Tal vez aquella foto tomada con el trofeo en sus manos junto al líder de la Revolución en el mes de mayo, había sido la que colmó la Copa de la intolerancia yanqui y provocó la trágica determinación de Hemingway, pues seis meses más tarde, a las 7 de la mañana del 2 de julio de 1961, en su casa de Ketchum, Idaho, el Papa apoyaba el rostro contra el cañón de su carabina, apretaba el gatillo y ponía fin a su vida.
Lo curioso del caso es que al pie de todas ellas aparece solo esta frase: FOTO-ARCHIVO.

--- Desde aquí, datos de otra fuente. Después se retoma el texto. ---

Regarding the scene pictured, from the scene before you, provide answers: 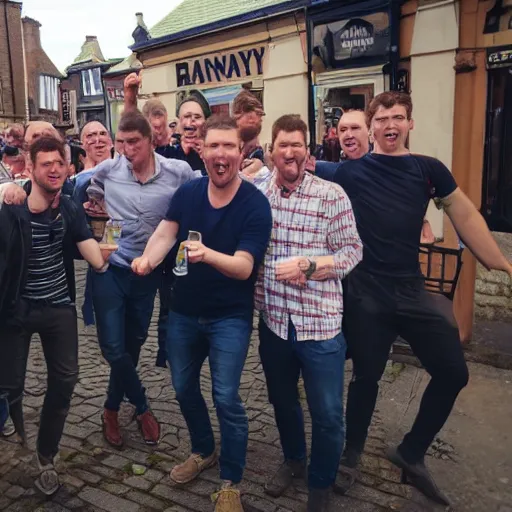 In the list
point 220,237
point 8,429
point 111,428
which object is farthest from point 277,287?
point 8,429

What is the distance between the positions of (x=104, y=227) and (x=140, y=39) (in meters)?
10.3

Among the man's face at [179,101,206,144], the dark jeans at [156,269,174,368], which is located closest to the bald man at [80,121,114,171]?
the man's face at [179,101,206,144]

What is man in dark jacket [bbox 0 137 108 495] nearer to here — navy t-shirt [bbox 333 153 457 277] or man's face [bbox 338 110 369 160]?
navy t-shirt [bbox 333 153 457 277]

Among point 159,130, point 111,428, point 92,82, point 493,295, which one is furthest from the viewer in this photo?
point 92,82

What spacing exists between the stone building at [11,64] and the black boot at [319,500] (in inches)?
1310

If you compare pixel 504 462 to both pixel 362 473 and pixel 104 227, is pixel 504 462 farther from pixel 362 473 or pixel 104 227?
pixel 104 227

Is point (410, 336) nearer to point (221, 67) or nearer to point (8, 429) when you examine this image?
point (8, 429)

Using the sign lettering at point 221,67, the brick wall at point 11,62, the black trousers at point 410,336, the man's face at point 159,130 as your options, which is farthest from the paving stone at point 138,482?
the brick wall at point 11,62

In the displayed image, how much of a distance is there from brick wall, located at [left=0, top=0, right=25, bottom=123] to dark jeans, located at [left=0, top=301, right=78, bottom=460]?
107ft

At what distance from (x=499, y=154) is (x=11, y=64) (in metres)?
33.5

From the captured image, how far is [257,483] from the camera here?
3.67 m

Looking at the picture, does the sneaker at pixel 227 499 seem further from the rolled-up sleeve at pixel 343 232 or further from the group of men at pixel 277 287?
the rolled-up sleeve at pixel 343 232

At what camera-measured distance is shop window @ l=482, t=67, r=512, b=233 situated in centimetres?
600

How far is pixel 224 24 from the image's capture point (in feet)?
33.4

Indagando por dicha autoría, me acerqué al fraterno Jorge Oller, autoridad de la especialidad fotográfica en nuestro país, quien me comenta que, a veces resulta imposible determinar al autor pues a eventos de ese tipo acuden diversos foto-reporteros, inclinándose por los que estaban emplantillados entonces en el diario REVOLUCIÓN. Es decir: Ernesto Fernández, Rafael Calvo, o Raúl Corrales, pero sin poder asegurarlo.

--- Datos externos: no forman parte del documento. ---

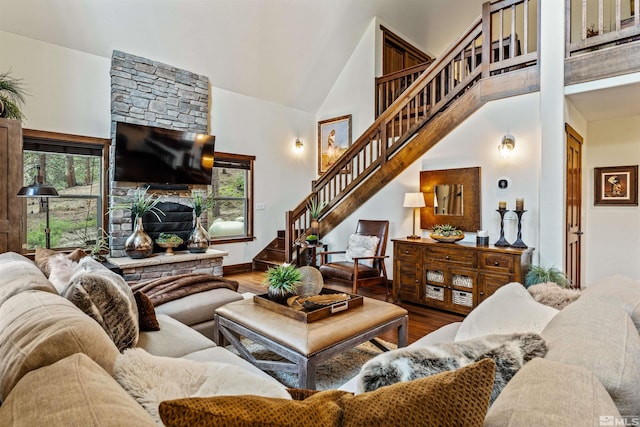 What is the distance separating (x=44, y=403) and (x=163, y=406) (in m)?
0.35

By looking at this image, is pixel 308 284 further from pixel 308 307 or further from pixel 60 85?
pixel 60 85

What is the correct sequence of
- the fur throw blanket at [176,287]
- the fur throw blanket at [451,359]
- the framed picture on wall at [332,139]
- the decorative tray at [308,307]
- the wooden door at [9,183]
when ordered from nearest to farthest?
the fur throw blanket at [451,359]
the decorative tray at [308,307]
the fur throw blanket at [176,287]
the wooden door at [9,183]
the framed picture on wall at [332,139]

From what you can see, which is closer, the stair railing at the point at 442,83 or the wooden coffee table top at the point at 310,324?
the wooden coffee table top at the point at 310,324

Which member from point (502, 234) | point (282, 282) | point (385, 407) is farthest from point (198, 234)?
point (385, 407)

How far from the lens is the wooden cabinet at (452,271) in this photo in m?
3.58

Igualmente lo hice con el experimentado Delfín Xiqués Cutiño, en el Centro de Información del periódico GRANMA, quien coincidió con Oller en que--por lo general--entonces no se le incluía la firma del autor al dorso de sus correspondientes copias, dando lugar a esta situación.
Tal vez este descuido llame a la reflexión, para que en el futuro no quede detalle alguno sin su debida aclaración.
Porque el derecho de autor no es un privilegio, ni un término de carácter económico; sino fundamentalmente un acto de justicia social.